**PROVIDED DATA**:
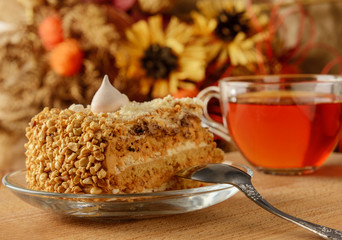 A piece of cake for morning tea on the table. close-up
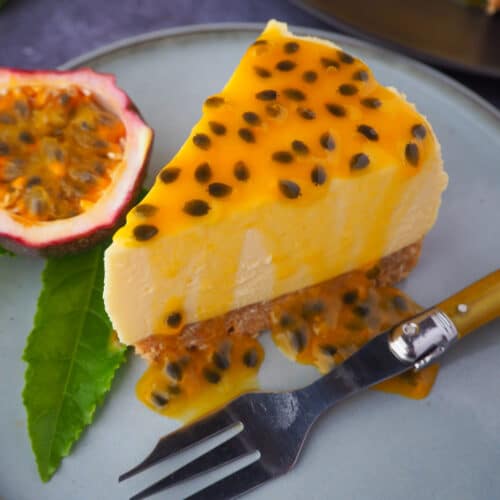 Close up passion fruit cheesecake with passion fruit coulis, a vintage fork in front, fresh passion fruit and passion fruit leave on the side.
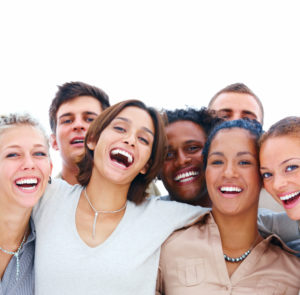 A diverse group of people smiling and posing closely together for a group photo.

**INSTRUCTIONS FOR THE TASK**:
Output the listing above in full and exactly, with pictures excluded.

**ANSWER SECTION**:
 A piece of cake for morning tea on the table. close-up
 Close up passion fruit cheesecake with passion fruit coulis, a vintage fork in front, fresh passion fruit and passion fruit leave on the side.
 A diverse group of people smiling and posing closely together for a group photo.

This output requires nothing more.